Learning from others' discoveries

Others' idiocy can be a public boon, if the example serves as sufficient cautionary tale. 

In a world of wishful thinking, if one country's government moves first to try the really dumb thing and reap the obvious consequences, it's harder for others to delude themselves into thinking the dumb thing will have no consequence. 

Canada does the world a public service. So long as the rest of us don't ignore the lessons. 

A lot of people in a lot of places convinced themselves that, somehow, platforms were stealing from newsmedia companies by linking to them. A tax on platforms to fund news sounded obviously wonderful. Who could object? Certainly not politicians who value the favour of the media companies who'd believe they'd benefit from such payments. 

And then Meta stopped linking to news in Canada, to much complaint from the media companies who had previously asserted that links were theft.

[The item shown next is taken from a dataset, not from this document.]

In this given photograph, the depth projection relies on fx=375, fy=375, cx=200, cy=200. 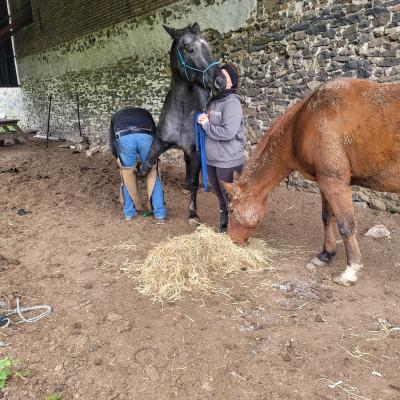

And now Canada's looking at a unilateral move on a digital services tax rather than working through the OECD multilateral process. This is not a problem that is best handled unilaterally. It needs to be handled through cross-country agreement. But idiots in all kinds of places, NZ included, figure it's a wonderful idea. Sock it to those fat-cat multinationals. That'll show them. There'll be no adverse consequence, just free money and free votes for standing up to the Big Evil Companies. 

Indeed.


NZ had legislation that's passed first reading, suggesting NZ ought to go it alone, like Canada - albeit with a bit of delay. Hopefully the Bill is left to die quietly after the election and NZ sticks with multilateral processes.